- [Your task]: Each line below must be reproduced exactly, though the pictures are to be dropped.

- [Dataset section]:
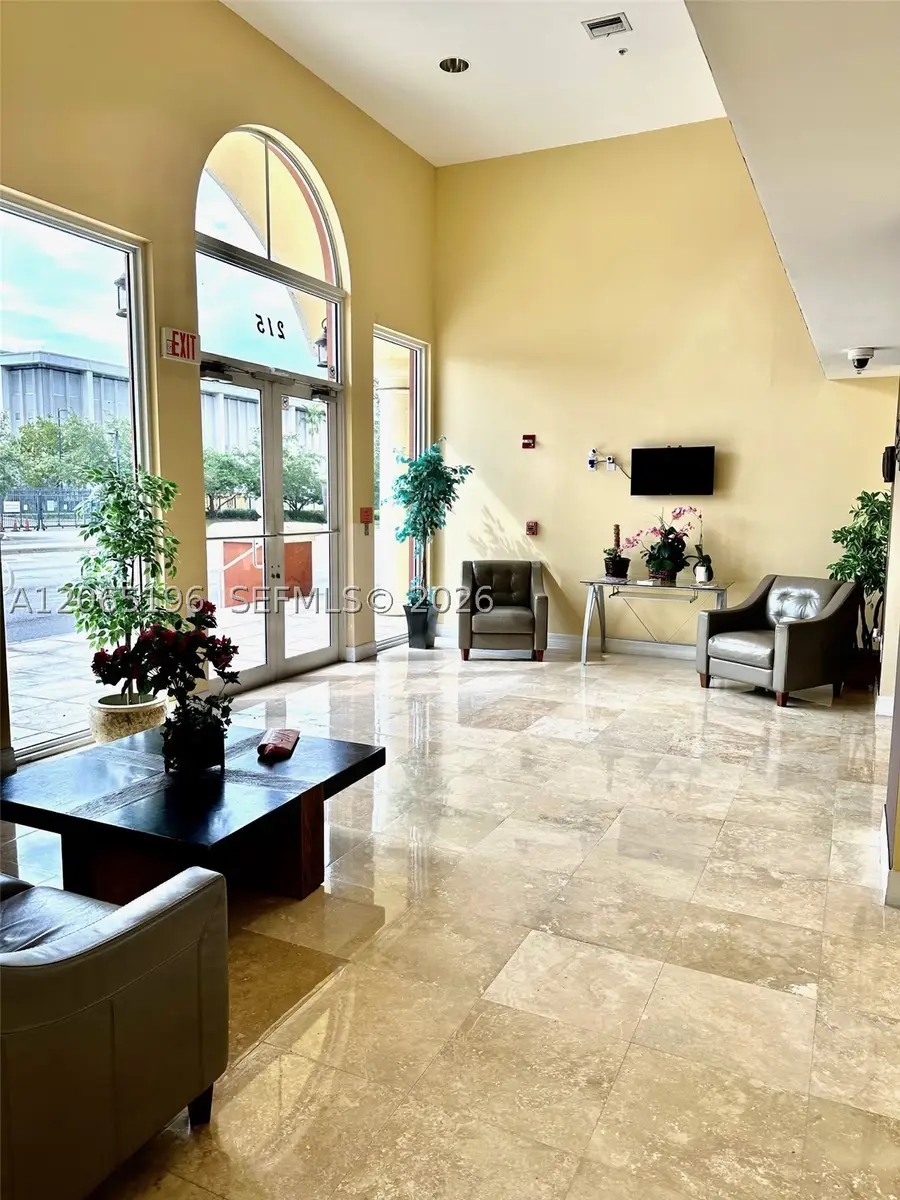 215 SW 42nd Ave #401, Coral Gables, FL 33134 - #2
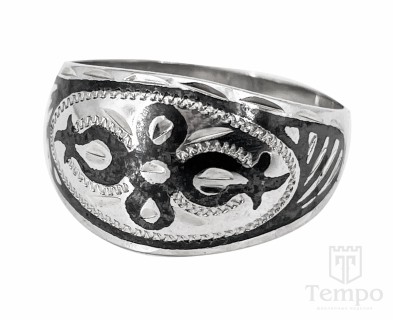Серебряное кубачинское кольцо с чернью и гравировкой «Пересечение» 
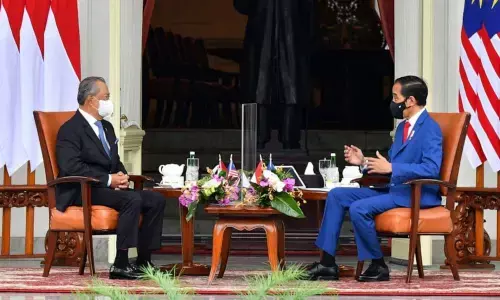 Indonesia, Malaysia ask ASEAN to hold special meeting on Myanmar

- [Answer to the problem]:
 215 SW 42nd Ave #401, Coral Gables, FL 33134 - #2
Серебряное кубачинское кольцо с чернью и гравировкой «Пересечение» 
 Indonesia, Malaysia ask ASEAN to hold special meeting on Myanmar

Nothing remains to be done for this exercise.